• ACTIVITY:
Every line below needs to be printed again exactly, without any of its pictures.
[SUPPLIED DATA — start]
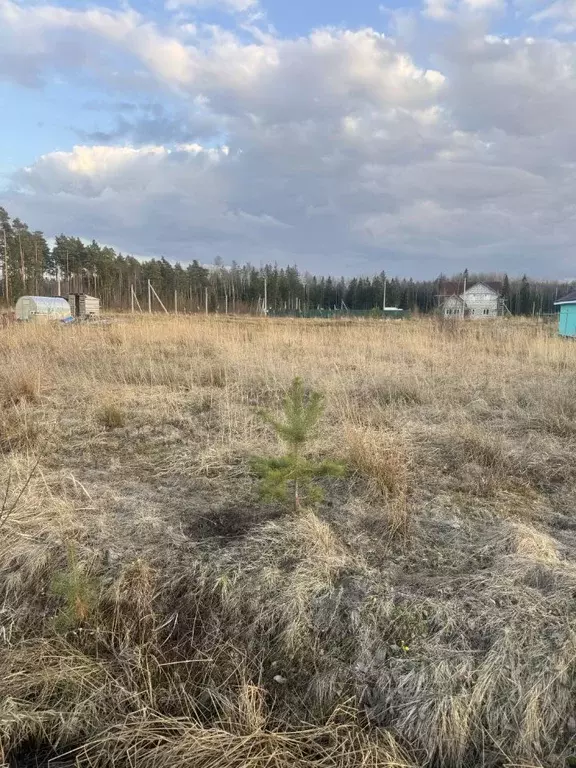 Участок в Ленинградская область, Сосновый Бор Райское кп, 50 (11.0 ... - Фото 1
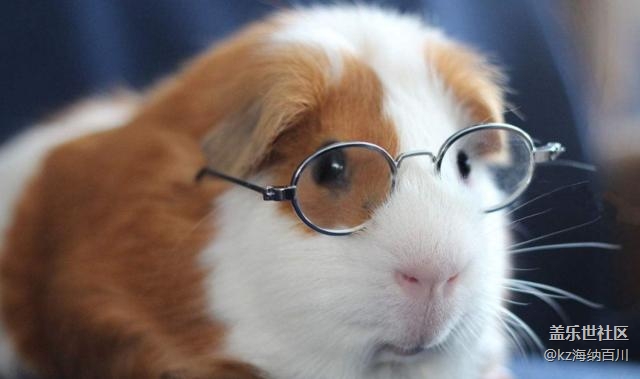 已開獎【寵物活動第十期】鼠年說鼠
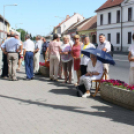 Táblaavató Mosonban (Fotó: Stipkovits Veronika)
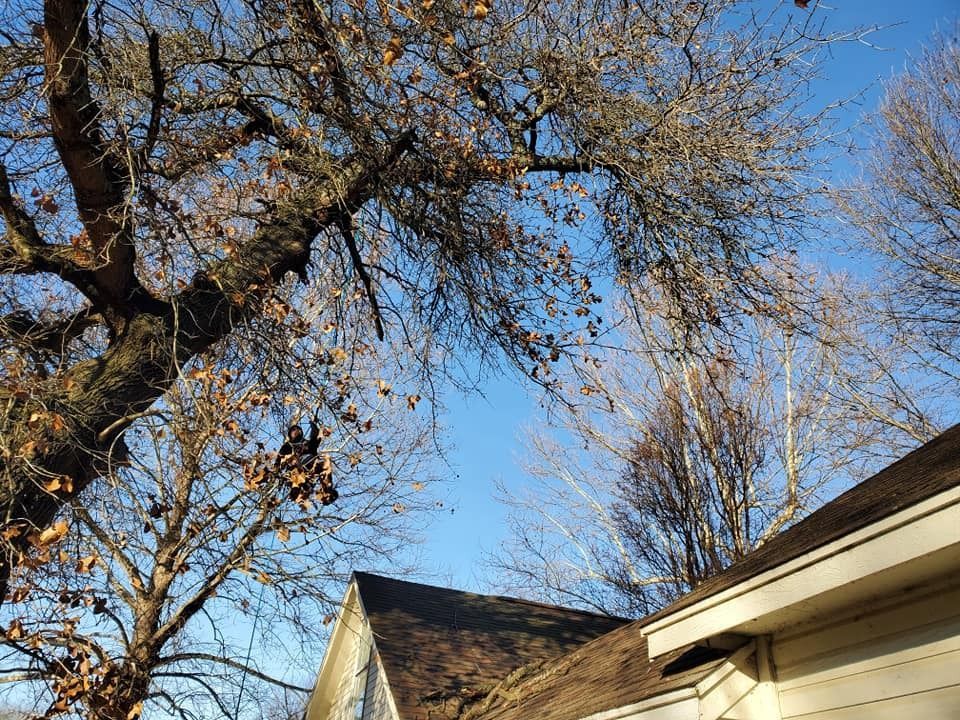 Branches of a bare tree against a blue sky, partially obscuring a house's roof.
[SUPPLIED DATA — finish]
• ANSWER TO THIS EXERCISE:
 Участок в Ленинградская область, Сосновый Бор Райское кп, 50 (11.0 ... - Фото 1
 已開獎【寵物活動第十期】鼠年說鼠
 Táblaavató Mosonban (Fotó: Stipkovits Veronika)
 Branches of a bare tree against a blue sky, partially obscuring a house's roof.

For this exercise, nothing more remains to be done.